Consequently, air cargo capacity from Western Europe to the US fell 5% in mid-December compared to the same period in 2023 and down 15% from pre-winter schedule levels two months ago.
Additionally, spot rate increases on the Transatlantic westbound market may stem from a trade imbalance on the backhaul from the US to Western Europe, where cargo average rates dropped 4% year-on-year.
In the first two months of Q4, the overall cargo revenue growth for both westbound and eastbound trades combined was just 2% year-on-year. This means it becomes even more important for airlines to increase revenue on the fronthaul.
Pressure on capacity
The dynamic load factor from Western Europe to the US stood at 80% in the first half of December, way above the weight load factor of 55%, a traditional load factor measurement.
The 80% dynamic load factor marks a year-on-year increase of 3 percentage points, and a much larger 10 percentage points compared to two months ago.
Note: Dynamic load factor is Xeneta’s measurement of capacity utilization based on volume and weight of cargo flown alongside available capacity.
Xeneta predicted the dynamic load factor would hit the 80% on this corridor in a shift that signals a shift from a buyer’s market to a seller’s market, with increasing negotiating power for freight sellers. Historically, such fundamental changes in negotiation dynamics often result in non-linear impacts on freight rates. For instance, during previous periods when the transatlantic market reached 80%—notably in 2020-2022 and 2018—freight rates experienced exponential growth.

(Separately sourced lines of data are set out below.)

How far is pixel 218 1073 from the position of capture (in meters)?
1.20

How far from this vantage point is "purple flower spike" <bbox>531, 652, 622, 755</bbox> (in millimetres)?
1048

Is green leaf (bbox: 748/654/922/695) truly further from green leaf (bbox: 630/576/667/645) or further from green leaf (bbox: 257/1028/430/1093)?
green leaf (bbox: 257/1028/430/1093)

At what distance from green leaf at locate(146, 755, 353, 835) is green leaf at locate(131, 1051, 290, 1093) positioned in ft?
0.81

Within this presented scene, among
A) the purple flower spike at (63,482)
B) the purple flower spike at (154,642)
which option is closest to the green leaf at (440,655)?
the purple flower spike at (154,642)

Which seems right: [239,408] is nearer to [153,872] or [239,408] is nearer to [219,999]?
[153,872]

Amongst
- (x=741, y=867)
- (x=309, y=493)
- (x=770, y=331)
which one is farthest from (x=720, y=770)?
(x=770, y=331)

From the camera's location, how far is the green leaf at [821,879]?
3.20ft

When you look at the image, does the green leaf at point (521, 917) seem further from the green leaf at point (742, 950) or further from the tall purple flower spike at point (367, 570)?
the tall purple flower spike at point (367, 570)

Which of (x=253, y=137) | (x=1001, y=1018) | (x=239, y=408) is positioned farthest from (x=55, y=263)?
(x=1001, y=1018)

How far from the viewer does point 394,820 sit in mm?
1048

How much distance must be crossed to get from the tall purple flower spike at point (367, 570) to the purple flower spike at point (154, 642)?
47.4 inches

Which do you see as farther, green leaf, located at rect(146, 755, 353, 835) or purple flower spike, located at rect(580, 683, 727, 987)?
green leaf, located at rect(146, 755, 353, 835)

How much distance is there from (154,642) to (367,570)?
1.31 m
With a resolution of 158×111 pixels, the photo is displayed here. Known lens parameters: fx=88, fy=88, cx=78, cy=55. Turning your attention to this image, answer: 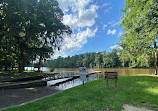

As always, it is important to use data to monitor market development at an airport as well regional level because when focusing on Transatlantic corridors into Chicago (ORD) the load factor stood at a higher 85%.
What next and where does this leave shippers?
As the year draws to a close, Western Europe to US spot rates are expected to decline in the coming weeks, following air freight's cyclical patterns.
However, market sentiment has shifted considerably from a year ago and shippers must consider more than seasonal and regional patterns, especially given the gravitational pull e-commerce out of China seems to have on available air cargo capacity.
Shippers who secured contracts before the recent rate surge may feel temporarily insulated from the escalating market, but they will likely face pressure during the upcoming tender season.
Freight forwarders – currently under intense pressure to maintain operations for volumes without block space agreements – will likely pass at least some of their increased costs on to customers.
On top of this, the implementation of the ReFuelEU sustainable aviation fuel (SAF) mandate on 1 January 2025 (requiring fuel suppliers at EU airports to include a minimum of 2% SAF) will increase costs for airlines.
The potential second round of US East and Gulf Coast port strikes from 15 January will surely drive up air freight rates further in this corridor (if it happens).
How do shippers approach this uncertainty?
Firstly, it is more important than ever that shippers take a holistic view of global air freight market, understanding that risks can originate far outside the bounds of the corridors they use to transport goods.
To navigate such market dynamics, it is recommended for shippers to keep a close eye on airline sell rates (available in the Xeneta platform) to get an early indication on how freight forwarder sell rates for shippers are likely to develop.
This will be vital information when forming a strategy for new contract negotiations.
Shippers may also be wise to consider extending existing contracts further into Q1 next year when the rates ease - negotiating when the market is hot can strengthen the hand of the vendor.
Additionally, staying flexible and considering importing goods into alternative airports is recommended – the example of dynamic load factor into ORD demonstrates the variances within corridors.
Finally, with the potential volatility anticipated in 2025, proactive planning in specific markets will be crucial to mitigate buying capacity in the short-term market. Shippers exceeding their allocated volumes may risk being pushed onto the escalated spot market.